What is expected
Both the line below containing "Hydrangea macrophylla, lacecap" and the line containing "Controlli dei Carabinieri", along with every line between them, should be repeated exactly; no other line belongs in the answer.

(Short web captions)
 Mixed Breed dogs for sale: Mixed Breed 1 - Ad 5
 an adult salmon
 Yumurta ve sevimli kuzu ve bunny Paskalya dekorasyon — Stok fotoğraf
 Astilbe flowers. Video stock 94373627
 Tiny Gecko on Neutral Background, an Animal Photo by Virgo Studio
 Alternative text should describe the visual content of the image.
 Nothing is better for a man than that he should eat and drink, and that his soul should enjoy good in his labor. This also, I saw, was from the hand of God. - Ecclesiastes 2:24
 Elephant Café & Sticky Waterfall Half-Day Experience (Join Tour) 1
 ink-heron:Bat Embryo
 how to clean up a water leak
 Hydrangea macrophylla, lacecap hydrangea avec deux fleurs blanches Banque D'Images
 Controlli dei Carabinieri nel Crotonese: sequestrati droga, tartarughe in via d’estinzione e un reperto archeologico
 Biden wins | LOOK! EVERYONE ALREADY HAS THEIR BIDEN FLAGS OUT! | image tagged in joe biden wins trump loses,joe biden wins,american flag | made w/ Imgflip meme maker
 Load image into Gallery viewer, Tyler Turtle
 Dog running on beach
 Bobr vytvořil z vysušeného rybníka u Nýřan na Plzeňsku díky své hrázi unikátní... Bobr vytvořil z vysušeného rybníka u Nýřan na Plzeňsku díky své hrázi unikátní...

Answer space
 Hydrangea macrophylla, lacecap hydrangea avec deux fleurs blanches Banque D'Images
 Controlli dei Carabinieri nel Crotonese: sequestrati droga, tartarughe in via d’estinzione e un reperto archeologico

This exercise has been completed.